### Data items
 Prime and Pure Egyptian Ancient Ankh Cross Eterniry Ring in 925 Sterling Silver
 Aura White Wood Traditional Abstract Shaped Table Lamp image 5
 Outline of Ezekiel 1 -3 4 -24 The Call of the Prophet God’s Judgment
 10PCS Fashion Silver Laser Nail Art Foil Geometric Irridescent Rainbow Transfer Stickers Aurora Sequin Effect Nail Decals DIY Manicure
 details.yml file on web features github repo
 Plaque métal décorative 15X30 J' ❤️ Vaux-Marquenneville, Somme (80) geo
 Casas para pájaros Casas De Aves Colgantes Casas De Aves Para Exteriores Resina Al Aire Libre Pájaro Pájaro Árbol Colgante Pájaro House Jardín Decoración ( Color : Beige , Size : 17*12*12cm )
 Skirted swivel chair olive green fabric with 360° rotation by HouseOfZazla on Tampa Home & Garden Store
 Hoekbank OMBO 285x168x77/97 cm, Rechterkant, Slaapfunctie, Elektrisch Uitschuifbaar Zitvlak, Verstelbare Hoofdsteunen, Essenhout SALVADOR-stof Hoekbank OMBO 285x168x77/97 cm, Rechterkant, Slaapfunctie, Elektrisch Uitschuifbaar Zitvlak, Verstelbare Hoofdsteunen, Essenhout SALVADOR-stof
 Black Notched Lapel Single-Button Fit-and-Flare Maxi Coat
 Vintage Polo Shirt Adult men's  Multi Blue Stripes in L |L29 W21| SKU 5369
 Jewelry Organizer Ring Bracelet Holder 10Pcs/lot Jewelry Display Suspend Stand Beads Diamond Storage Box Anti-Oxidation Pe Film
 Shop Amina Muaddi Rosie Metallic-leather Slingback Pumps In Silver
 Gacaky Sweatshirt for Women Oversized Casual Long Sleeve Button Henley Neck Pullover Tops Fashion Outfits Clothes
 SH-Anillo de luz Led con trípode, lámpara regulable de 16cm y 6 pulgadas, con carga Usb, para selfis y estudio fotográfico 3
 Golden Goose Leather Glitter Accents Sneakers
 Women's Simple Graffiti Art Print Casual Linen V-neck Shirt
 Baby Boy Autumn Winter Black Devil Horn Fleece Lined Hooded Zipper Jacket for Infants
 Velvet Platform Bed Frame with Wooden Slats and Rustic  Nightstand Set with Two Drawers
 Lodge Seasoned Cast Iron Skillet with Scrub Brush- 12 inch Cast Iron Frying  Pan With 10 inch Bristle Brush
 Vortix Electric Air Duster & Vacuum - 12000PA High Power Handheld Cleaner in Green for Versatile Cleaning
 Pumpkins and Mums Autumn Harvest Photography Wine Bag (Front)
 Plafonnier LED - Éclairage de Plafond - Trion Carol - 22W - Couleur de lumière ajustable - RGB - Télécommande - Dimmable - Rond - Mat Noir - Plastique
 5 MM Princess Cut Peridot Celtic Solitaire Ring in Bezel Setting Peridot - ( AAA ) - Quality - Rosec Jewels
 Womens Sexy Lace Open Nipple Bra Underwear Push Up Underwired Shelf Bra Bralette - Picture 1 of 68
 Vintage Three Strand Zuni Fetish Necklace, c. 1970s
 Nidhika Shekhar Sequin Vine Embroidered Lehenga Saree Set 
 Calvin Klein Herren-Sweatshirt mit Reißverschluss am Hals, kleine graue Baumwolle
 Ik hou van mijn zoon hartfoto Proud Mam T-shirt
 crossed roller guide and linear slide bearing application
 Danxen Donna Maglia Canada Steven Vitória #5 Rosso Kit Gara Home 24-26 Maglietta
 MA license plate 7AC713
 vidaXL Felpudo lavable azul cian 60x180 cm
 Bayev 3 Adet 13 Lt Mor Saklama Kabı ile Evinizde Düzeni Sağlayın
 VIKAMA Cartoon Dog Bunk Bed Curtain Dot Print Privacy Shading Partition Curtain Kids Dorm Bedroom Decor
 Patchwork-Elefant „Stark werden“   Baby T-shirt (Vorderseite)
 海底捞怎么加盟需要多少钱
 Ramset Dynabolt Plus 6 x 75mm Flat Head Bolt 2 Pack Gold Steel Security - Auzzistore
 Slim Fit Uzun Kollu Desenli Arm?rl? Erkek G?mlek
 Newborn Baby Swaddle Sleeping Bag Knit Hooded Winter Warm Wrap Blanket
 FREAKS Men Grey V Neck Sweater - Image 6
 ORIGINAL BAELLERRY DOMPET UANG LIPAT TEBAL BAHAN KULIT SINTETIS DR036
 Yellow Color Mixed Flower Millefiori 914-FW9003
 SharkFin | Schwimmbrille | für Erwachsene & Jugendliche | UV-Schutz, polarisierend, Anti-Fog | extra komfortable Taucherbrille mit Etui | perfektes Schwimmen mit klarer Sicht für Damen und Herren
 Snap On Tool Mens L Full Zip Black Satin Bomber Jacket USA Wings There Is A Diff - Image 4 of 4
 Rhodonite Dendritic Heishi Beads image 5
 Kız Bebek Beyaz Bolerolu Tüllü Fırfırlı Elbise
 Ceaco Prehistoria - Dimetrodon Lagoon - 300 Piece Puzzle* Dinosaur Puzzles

### What you will do
Beginning at the top of the data, extract each line through the line containing "Outline of Ezekiel" and return those lines exactly, with nothing added.

### Completed exercise
 Prime and Pure Egyptian Ancient Ankh Cross Eterniry Ring in 925 Sterling Silver
 Aura White Wood Traditional Abstract Shaped Table Lamp image 5
 Outline of Ezekiel 1 -3 4 -24 The Call of the Prophet God’s Judgment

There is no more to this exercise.